== INPUT DATA

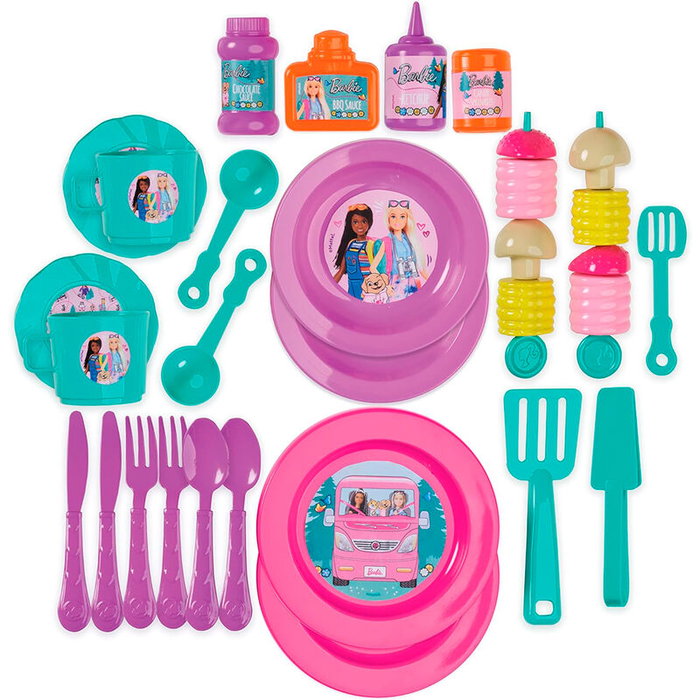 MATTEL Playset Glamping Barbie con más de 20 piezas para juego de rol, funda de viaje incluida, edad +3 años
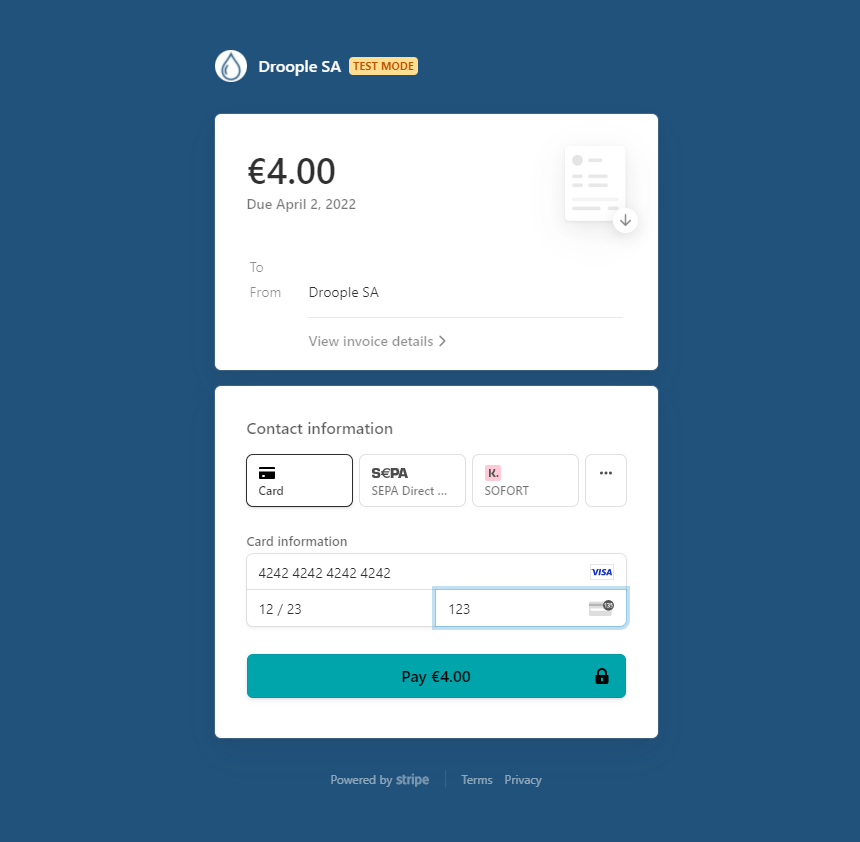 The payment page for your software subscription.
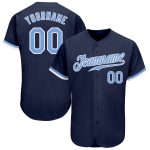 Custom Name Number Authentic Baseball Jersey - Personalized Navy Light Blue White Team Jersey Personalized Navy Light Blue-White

====

* _THE TASK_: Return all of the data exactly as written, and drop the pictures.

* _RESPONSE BOX_:
 MATTEL Playset Glamping Barbie con más de 20 piezas para juego de rol, funda de viaje incluida, edad +3 años
 The payment page for your software subscription.
 Custom Name Number Authentic Baseball Jersey - Personalized Navy Light Blue White Team Jersey Personalized Navy Light Blue-White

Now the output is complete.